Борис Долгин: Об этом я и спрашивал, когда говорил о сообществе, относительно которого задается вопрос о модности.

Ольга Грязнова: Поэтому сам Александр Бенционович едва ли может на это ответить. И следующим является мой вопрос, собственный. По поводу темы нашего сегодняшнего разговора я хотела бы уточнить: та мода, о которой вы говорили сегодня, – это мода, распространенная в России, или это мода глобального масштаба в социологии?

Александр Гофман: Большинство мод, о которых я говорил и не указывал, что они носят преимущественно российский характер, относится к мировой социологии. А Россия, российские социологи – только участники этих мировых тенденций – или «модных трендов» мировой теоретической социологии.

Борис Долгин: Хотя, например, связь с консерватизмом была названа.

Александр Гофман: Так же, как и мода на утилитаризм. Я специально оговаривал. Утилитаризм, консерватизм – это преимущественно именно российские моды последних лет. Две-три последние моды. А большинство тех, что я называл, если я не оговаривал, что они носят преимущественно российский характер, относятся к мировой теоретической социологии. Не ко всей, естественно.
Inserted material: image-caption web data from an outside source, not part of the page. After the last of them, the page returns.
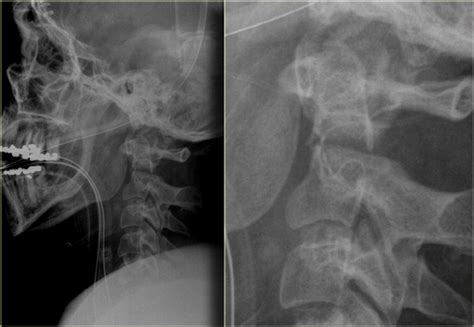 The Radiology Assistant Cervical Injury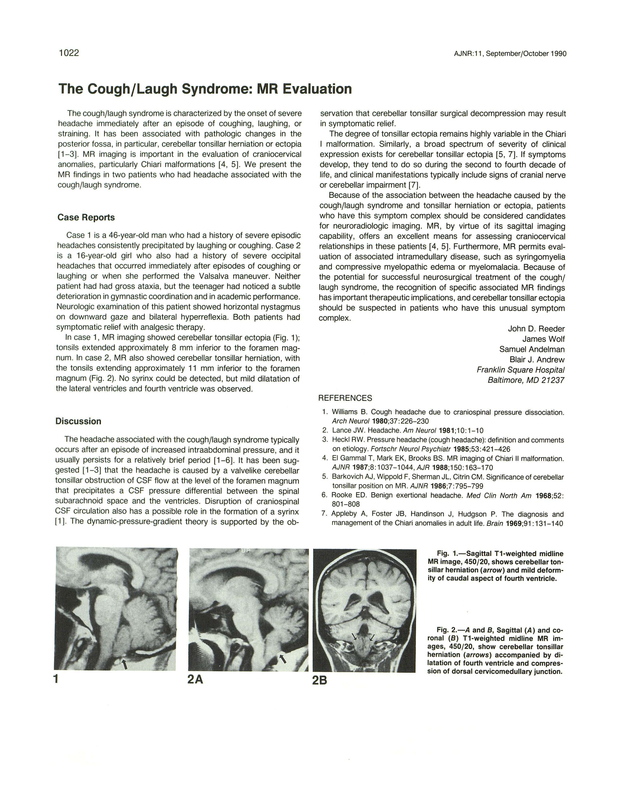 PDF extract preview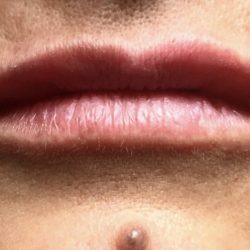 Lip Injections Before & After Patient #16621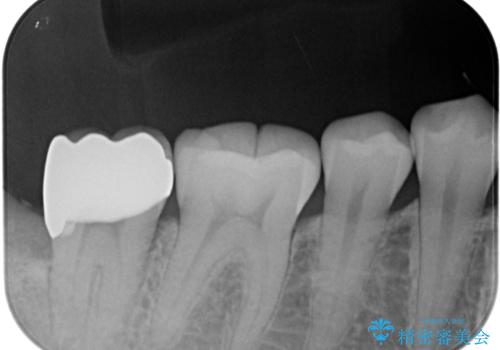 親知らずに影響で大きなむし歯に セラミッククラウンによるむし歯治療の治療後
Кстати, хочу обратить ваше внимание на то, что в отличие от других стран, где на всякую модную тенденцию или фигуру есть контртенденция, у нас, к сожалению, положение иное. Там на каждого модного Бурдье есть свой анти-Бурдье, и на всякого модного Бодрийяра есть десять анти-Бодрийяров. У нас же, если, скажем, издают Бодрийяра (и это, конечно, очень хорошо), то там в предисловии уже пишут, что это гений всех времен и народов, что вообще он совершил революцию в социальной науке. Предполагается неявно, что кто этого не знает или не признает, тот дурак или человек, «отставший от жизни». Это, конечно, лучше, чем было в советское время, когда в предисловиях к иностранным авторам, представляя их отечественному читателю, их так разносили, что еще до прочтения читатель должен был думать: а стоит ли вообще читать этого недоумка и стоило ли его издавать? Но сегодня я с грустью иногда вынужден вспоминать бессмертную работу Ленина «Материализм и эмпириокритицизм», где Владимир Ильич пишет, я цитирую по памяти, может быть, неточно: «Прочитают Маха – поверят Маху, прочитают Авенариуса – поверят Авенариусу». И иногда хочется с Ильичом согласиться! Поэтому, например, у нас нет такой сокрушительной критики, какой, например, подвергался тот же Бурдье во Франции. В результате мы делимся на людей, которые выбирают себе подходящих кумиров, и каждый в одиночку или с группой единомышленников, так сказать, носится со своим кумиром. Мне кажется, что серьезная теоретическая работа в социологии предполагает анализ, критику с разных точек зрения; очевидно, недостаточно просто утверждать, что вот сейчас есть такой популярный социолог, давайте-ка мы тоже станем его приверженцами и будем радостно ему аплодировать. Иногда, к сожалению, у нас такое бывает.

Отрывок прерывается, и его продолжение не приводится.